Records to process: Begin

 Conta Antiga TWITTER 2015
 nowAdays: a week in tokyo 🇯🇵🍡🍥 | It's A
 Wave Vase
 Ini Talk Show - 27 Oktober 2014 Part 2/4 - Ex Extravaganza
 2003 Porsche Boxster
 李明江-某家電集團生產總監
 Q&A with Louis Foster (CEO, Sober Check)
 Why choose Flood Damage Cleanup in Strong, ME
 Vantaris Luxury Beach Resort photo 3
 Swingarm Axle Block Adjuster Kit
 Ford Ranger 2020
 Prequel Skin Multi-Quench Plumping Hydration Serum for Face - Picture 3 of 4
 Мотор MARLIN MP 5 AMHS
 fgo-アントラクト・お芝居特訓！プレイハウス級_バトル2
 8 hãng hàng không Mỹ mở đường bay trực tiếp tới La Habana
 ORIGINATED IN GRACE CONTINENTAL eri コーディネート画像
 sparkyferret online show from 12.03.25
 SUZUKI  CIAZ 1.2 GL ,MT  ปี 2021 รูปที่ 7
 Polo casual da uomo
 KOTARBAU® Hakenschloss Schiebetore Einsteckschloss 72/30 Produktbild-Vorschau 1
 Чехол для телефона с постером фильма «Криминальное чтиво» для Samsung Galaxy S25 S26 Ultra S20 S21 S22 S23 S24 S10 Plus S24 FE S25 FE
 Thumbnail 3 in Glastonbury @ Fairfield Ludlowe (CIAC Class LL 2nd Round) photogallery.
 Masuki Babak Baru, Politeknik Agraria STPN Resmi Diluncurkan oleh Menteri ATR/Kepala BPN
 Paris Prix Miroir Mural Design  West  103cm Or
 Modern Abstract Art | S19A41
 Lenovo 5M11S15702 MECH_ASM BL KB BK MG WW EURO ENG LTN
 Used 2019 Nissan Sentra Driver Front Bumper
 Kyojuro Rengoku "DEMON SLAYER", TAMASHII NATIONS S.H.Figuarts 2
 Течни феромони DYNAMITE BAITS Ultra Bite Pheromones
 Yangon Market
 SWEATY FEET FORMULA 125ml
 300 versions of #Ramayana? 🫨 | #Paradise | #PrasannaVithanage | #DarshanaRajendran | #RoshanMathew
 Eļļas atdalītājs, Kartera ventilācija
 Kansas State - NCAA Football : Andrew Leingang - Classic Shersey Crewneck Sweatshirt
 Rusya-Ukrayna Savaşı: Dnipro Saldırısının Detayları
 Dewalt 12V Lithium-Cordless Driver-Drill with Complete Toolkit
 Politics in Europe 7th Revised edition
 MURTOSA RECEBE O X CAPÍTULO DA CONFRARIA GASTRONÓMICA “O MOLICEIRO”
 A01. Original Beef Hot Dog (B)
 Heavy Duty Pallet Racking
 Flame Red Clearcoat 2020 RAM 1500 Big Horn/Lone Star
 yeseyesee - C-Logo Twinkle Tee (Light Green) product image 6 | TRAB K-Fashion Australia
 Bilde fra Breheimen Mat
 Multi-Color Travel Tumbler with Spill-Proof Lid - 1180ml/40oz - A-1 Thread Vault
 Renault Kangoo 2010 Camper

Records to process: End

Exercise requirements
Find how many lines in the preceding listing contain the word "Multi", and answer with that number only.

Solved problem
2